___ Source data ___

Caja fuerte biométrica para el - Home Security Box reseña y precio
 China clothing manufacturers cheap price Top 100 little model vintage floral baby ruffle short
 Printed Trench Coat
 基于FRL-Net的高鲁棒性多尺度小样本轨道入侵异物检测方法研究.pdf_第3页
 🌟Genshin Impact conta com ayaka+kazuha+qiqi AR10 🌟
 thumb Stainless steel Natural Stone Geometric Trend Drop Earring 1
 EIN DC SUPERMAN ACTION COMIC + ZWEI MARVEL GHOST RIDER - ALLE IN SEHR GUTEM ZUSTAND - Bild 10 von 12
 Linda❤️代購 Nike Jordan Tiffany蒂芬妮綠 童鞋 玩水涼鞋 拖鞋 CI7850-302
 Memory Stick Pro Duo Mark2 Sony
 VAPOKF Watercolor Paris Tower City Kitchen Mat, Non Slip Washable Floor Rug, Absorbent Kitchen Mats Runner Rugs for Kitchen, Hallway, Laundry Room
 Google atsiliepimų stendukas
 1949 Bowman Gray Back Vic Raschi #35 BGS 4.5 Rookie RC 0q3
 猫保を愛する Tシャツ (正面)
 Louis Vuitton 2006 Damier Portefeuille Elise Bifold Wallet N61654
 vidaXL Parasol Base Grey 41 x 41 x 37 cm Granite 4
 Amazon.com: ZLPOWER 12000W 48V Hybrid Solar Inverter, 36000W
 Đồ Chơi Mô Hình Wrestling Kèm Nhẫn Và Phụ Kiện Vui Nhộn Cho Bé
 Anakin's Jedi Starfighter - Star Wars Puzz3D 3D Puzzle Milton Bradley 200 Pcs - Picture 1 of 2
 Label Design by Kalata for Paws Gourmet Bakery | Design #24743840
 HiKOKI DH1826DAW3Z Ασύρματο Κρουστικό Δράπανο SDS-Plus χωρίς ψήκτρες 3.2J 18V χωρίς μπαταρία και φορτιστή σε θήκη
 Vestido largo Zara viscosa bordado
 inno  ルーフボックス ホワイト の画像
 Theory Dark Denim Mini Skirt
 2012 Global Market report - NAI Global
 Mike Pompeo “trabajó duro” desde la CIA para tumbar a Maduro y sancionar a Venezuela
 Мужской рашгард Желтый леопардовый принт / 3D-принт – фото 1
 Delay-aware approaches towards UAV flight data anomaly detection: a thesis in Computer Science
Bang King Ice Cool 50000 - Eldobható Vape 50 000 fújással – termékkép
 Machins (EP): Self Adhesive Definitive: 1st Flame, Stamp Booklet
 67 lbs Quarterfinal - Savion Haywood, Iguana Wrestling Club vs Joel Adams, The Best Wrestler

___

» Exercise prompt
The lines of the records that contain the string "Wrestling" should be located and copied.

» Response box
 Đồ Chơi Mô Hình Wrestling Kèm Nhẫn Và Phụ Kiện Vui Nhộn Cho Bé
 67 lbs Quarterfinal - Savion Haywood, Iguana Wrestling Club vs Joel Adams, The Best Wrestler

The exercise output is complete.